### Problem
The expected output is the line with "Alpha Emitter Market: Global" plus all lines after it to the end of the material below, reproduced exactly, with pictures omitted and nothing else included.

### Input records ###

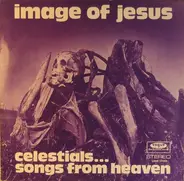 Image Of Jesus - Celestials... Songs From Heaven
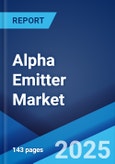 Alpha Emitter Market: Global Industry Trends, Share, Size, Growth, Opportunity and Forecast 2023-2028- Product Image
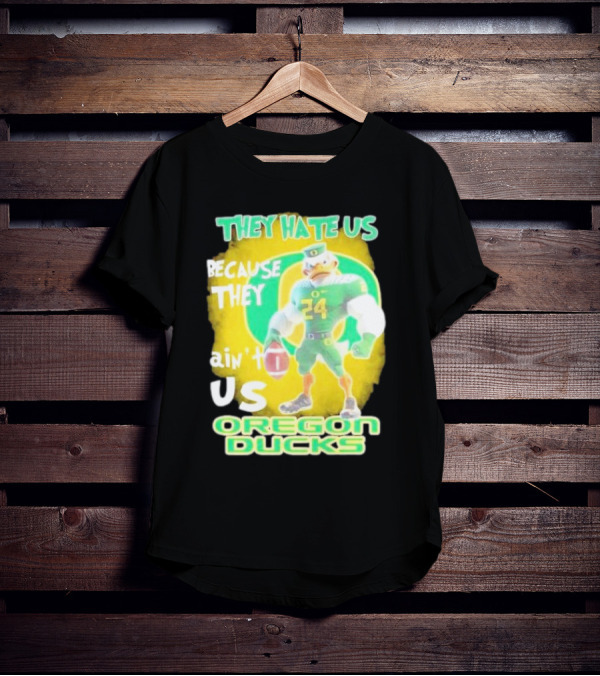 They Hate Us Because They Ain't Us Oregon Ducks Mascot T-Shirt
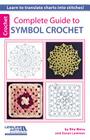 Complete Guide to Symbol Crochet By Rita Weiss, Susan Lowman Cover Image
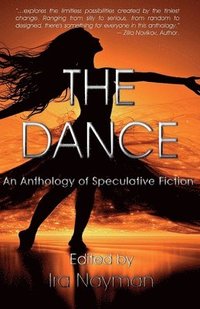 bokomslag The Dance: An Anthology of Speculative Fiction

###

### Written solution
 Alpha Emitter Market: Global Industry Trends, Share, Size, Growth, Opportunity and Forecast 2023-2028- Product Image
 They Hate Us Because They Ain't Us Oregon Ducks Mascot T-Shirt
 Complete Guide to Symbol Crochet By Rita Weiss, Susan Lowman Cover Image
 bokomslag The Dance: An Anthology of Speculative Fiction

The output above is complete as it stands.